Perihal qadha shalat untuk orang meninggal dunia, Buya Yahya mengambil pemahamannya dari beberapa pendapat mazhab para ulama.
Buya Yahya lebih dulu menjelaskan qadha shalat terkait hal ini dari pemahaman Mazhab Imam Syafi'i.
"Mazhab Imam Syafi'i yang dikukuhkan, pertama tidak diqadhai oleh keluarganya, tidak dishalati karena ini urusan amal ibadah pribadi," jelasnya.
Lantas, bagaimana cara menggantinya apabila tidak bisa diqadha?
Buya Yahya menjelaskan pendapat kedua Mazhab Imam Syafi'i, shalat yang ditinggalkan oleh orang meninggal dunia boleh diganti menggunakan fidyah.
"Setiap satu shalat yang ditinggalkan dibayarkan 1 mut kurang lebihnya 6,7 ons. 1 mut itu enam ons sampai 7 ons," terangnya.
Fidyah merupakan kewajiban bagi seorang mukmin untuk mengganti utang ibadahnya. Fidyah tidak sekadar untuk puasa, melainkan juga bisa membayar utang shalat yang telah ditinggalkan.
Pengasuh LPD Al Bahjah itu menuturkan cara membayar fidyah untuk orang meninggal dunia, setidaknya bisa menggunakan harta waris.
"Karena ini termasuk haknya dia kalau kita mengambil pendapat ini, atau lebih enaknya lagi diambil dari anaknya yang berderma," ucapnya.

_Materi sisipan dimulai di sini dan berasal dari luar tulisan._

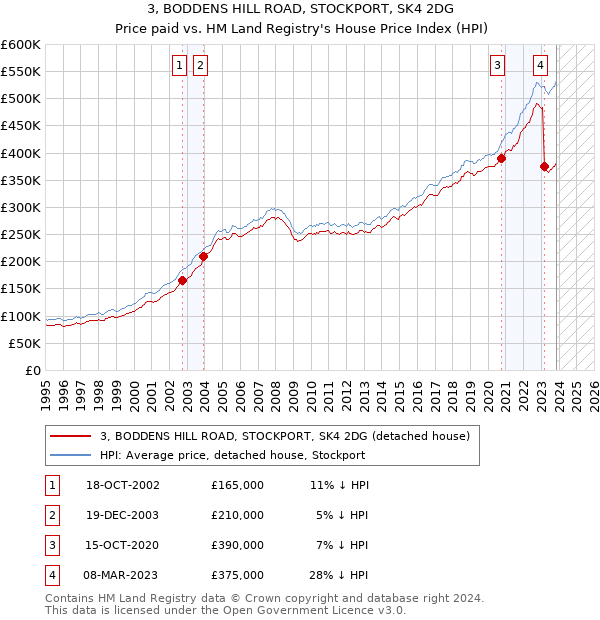 3, BODDENS HILL ROAD, STOCKPORT, SK4 2DG: Price paid vs HM Land Registry's House Price Index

Kemudian, Buya Yahya mengambil pendapat lainnya dari Imam Shubki RA. Pemahaman ini lebih mengacu bahwa qadha shalat masih boleh, dengan catatan wajib diganti oleh pihak keluarganya.
"Pendapat ini paling lemah tapi dilakukan sendiri oleh Imam Shubki RA. Minimal ahli warisnya yang menggantinya," paparnya.
Ia lebih menyarankan sebaiknya didoakan agar hal-hal keburukan bagi orang meninggal dunia tidak terjadi di alam kuburnya.
Namun, hukum qadha shalat perihal ini tidak ada batasan-batasannya dan dibebaskan apabila memahami beberapa pendapat dari para ulama.
"Semuanya bebas, yang tidak boleh adalah kita saling menyalahkan, jangan sampai ribut dalam satu keluarganya karena enggak mau qadha," tandasnya.